Automedicação em debate no século XXI
Enviada em 13/08/2020
“A diferença entre um remédio e um veneno está só na dosagem.” Essa frase de Paracelso, médico e físico suíço, descreve, de forma bastante direta, a tênue linha que separa as duas faces que um remédio pode apresentar. Por esse aspecto, é possível fazer uma analogia ao Brasil atual, onde várias pessoas se automedicam, diversas vezes de forma incorreta, e o fármaco utilizado pode acabar prejudicando a saúde dos indivíduos ao invés de ajudá-los. Nesse contexto, tornam-se evidentes a falsa sensação de sabedoria e a influência midiática como fatores que agravam a problemática.

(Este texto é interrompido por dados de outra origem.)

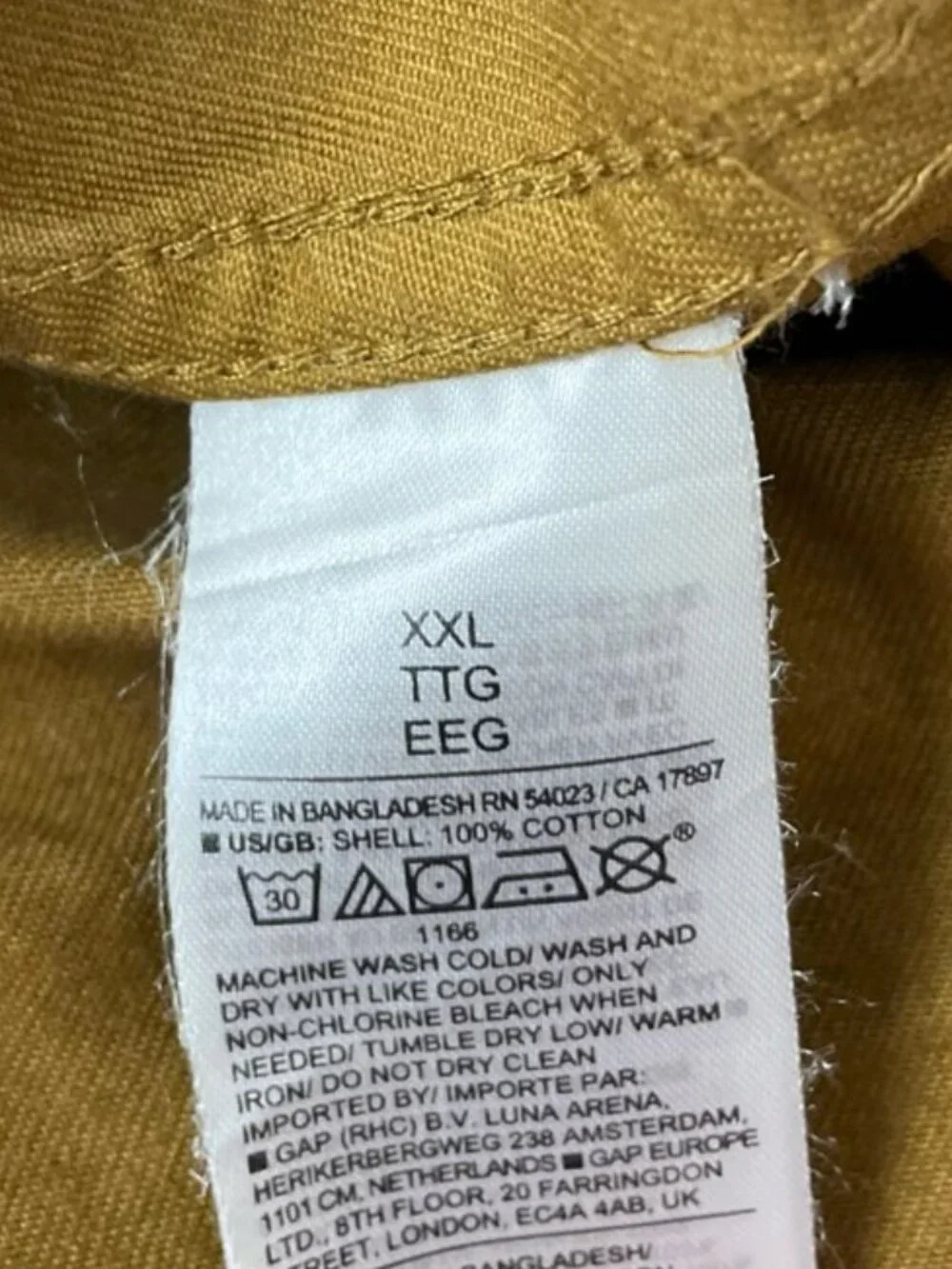 Banana Republic‎ Shirt Jacket Shacket Men’s XXL Tan Heavy Cotton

Segundo o físico britânico Stephen Hawking, o maior inimigo do conhecimento não é a ignorância, mas sim a ilusão de ter conhecimento. Logo, pode-se inferir que a falsa sensação do saber na vida de uma pessoa é muito perigosa, especialmente quando se trata de remédios. Isso porque, a partir do momento em que alguém se considera capaz de realizar a automedicação, o indivíduo pode escolher um remédio inadequado para o tratamento que necessita, ou então, consumir a dose errada do medicamento. Por conseguinte, o fármaco não dá fim a doença e em vários casos pode até agravar a situação, concedendo resistência aos agentes infecciosos.
Além disso, é notória a influência da mídia na vida dos cidadãos brasileiros, inclusive em relação ao uso de remédios. De acordo com o sociólogo Theodor Adorno, ao sistema capitalista, o homem interessa tão somente quanto consumidor, reduzindo, assim, a humanidade na indústria de consumo. Por esse viés, percebe-se que as empresas farmacêuticas, ao divulgarem seus medicamentos por meio de propagandas nos diversos meios midiáticos, os apresentam como produtos milagrosos e que solucionam inúmeros problemas, com a intenção de aumentar suas vendas e, então, seus lucros. Consequentemente, grande parte da população adquire esses fármacos sem prescrição médica e os utilizam de modo incorreto, o que causa diversos efeitos colaterais.
Diante dos fatos supracitados, faz-se necessário que o Ministério da Saúde promova campanhas, por meio de cartazes informativos e de vídeos explicativos no meio televisivo, que esclareçam os riscos da automedicação, mediante a demonstração das complicações que esse método pode originar, a fim de conscientizar o corpo social sobre a importância de se consultar com um médico para receber o tratamento adequado. Ademais, cabe ao Governo ampliar as normas que regem a publicidade dos remédios, por intermédio da criação de novas leis que aprimorem a regulamentação desse ato, para que o povo não seja exposto a alta idealização dos fármacos. Assim, será evidente a diminuição da prática da automedicação no país.